A população brasileira está envelhecendo e, com isso, a força de trabalho também. Com menos jovens disponíveis e uma mudança de comportamento da geração Z – que hoje tem de 15 a 28 anos – em relação ao mercado de trabalho, o desafio de atrair e reter esses profissionais está posto às organizações.

Segundo dados da PNAD Contínua, do IBGE, referentes ao terceiro trimestre de 2024, o Brasil possui aproximadamente 33,7 milhões de jovens entre 15 e 24 anos, o que equivale a 19% da população em idade para trabalhar (PIA). No mesmo período de 2012, esse grupo representava 24% da PIA.
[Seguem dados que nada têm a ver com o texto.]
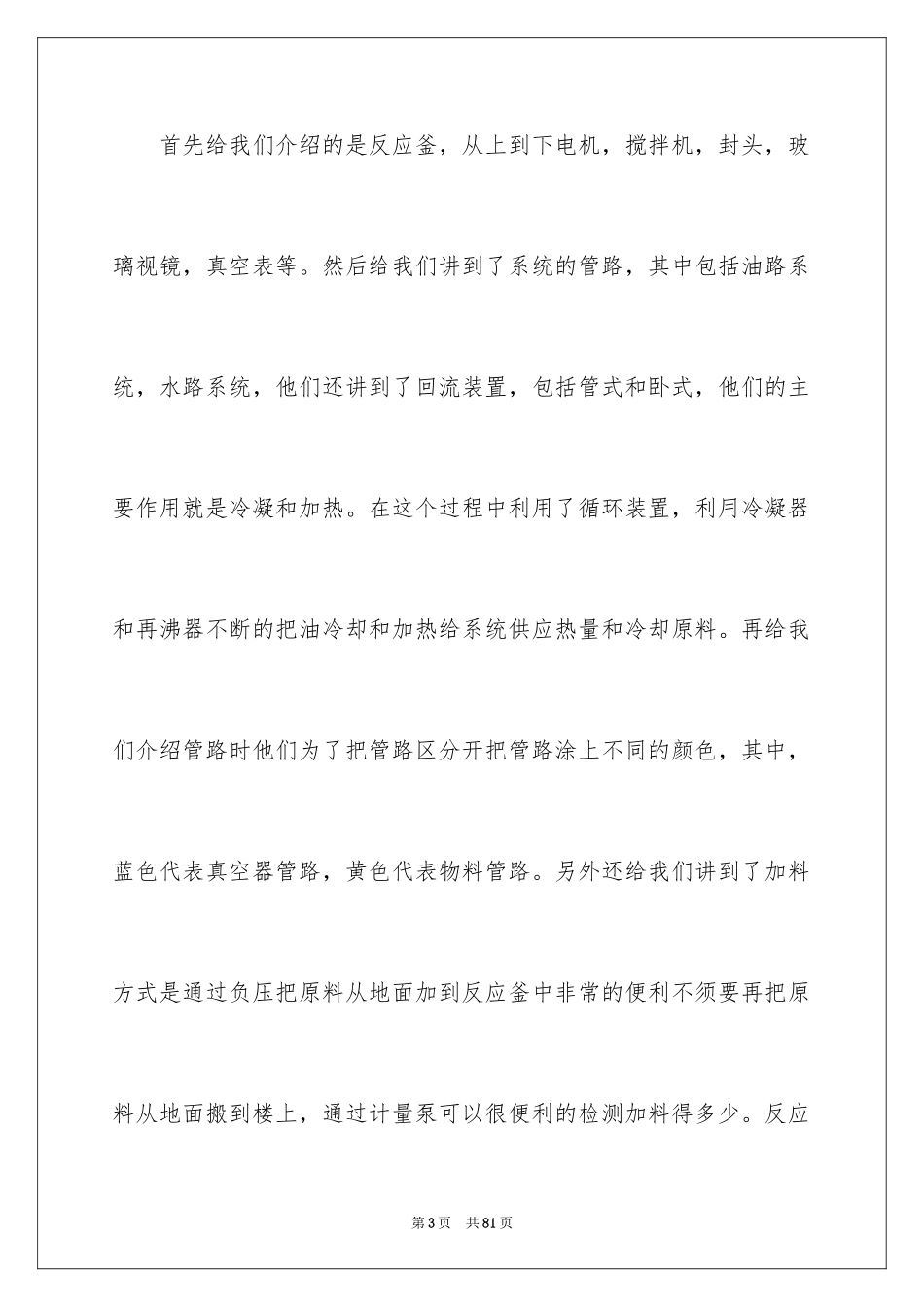 2024化工认识实习报告_6_第3页
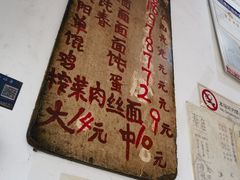 -安庆柴火馄饨(马道街店)
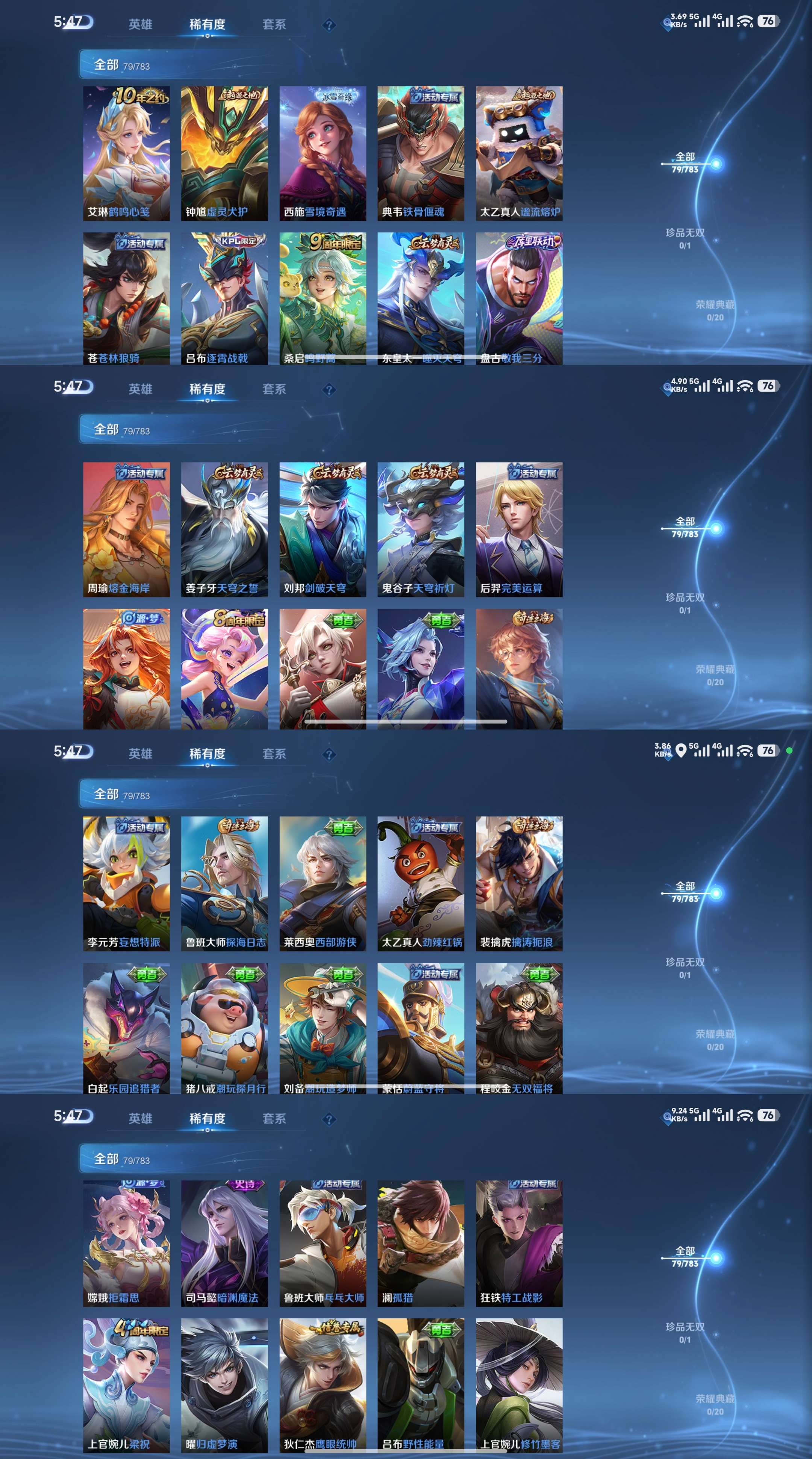 WZCMW4246020王者荣耀账号详情图4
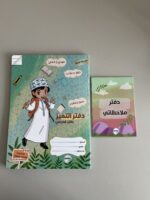 دفتر مدرسي للأولاد ٢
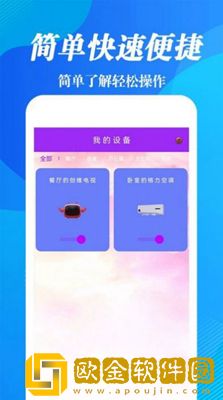 红外线遥控器王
Uma outro dado, do ManpowerGroup, de soluções para recursos humanos, mostra que 23% da força de trabalho brasileira em 2024 era composta por pessoas da geração Z. Um pouco mais velhos, os profissionais da geração Y (de 29 a 43 anos) somavam 25% do total, e os da X (de 44 a 60 anos), 20%. Baby boomers (mais de 61 anos) totalizavam 16%. Foram analisados dados de 108 milhões de trabalhadores do país.

E quando se analisa a demografia histórica do ranking das Melhores Empresas para Trabalhar no Brasil, organizado pelo Great Place to Work (GPTW), observa-se uma significativa mudança na contratação por faixa etária. Em 2006, por exemplo, os profissionais com até 25 anos representam 32% da força de trabalho das melhores empresas. Em 2024, eles representavam apenas 19%. Na outra ponta, profissionais entre 35 e 44 anos que representavam 25% dos profissionais das melhores empresas em 2006, hoje representam 31%. Esse crescimento também é observado nas faixas seguintes. Entre 45 e 54 anos houve um aumento de 9% para 13% no período. Acima de 55 anos, aumento de 1% para 4%.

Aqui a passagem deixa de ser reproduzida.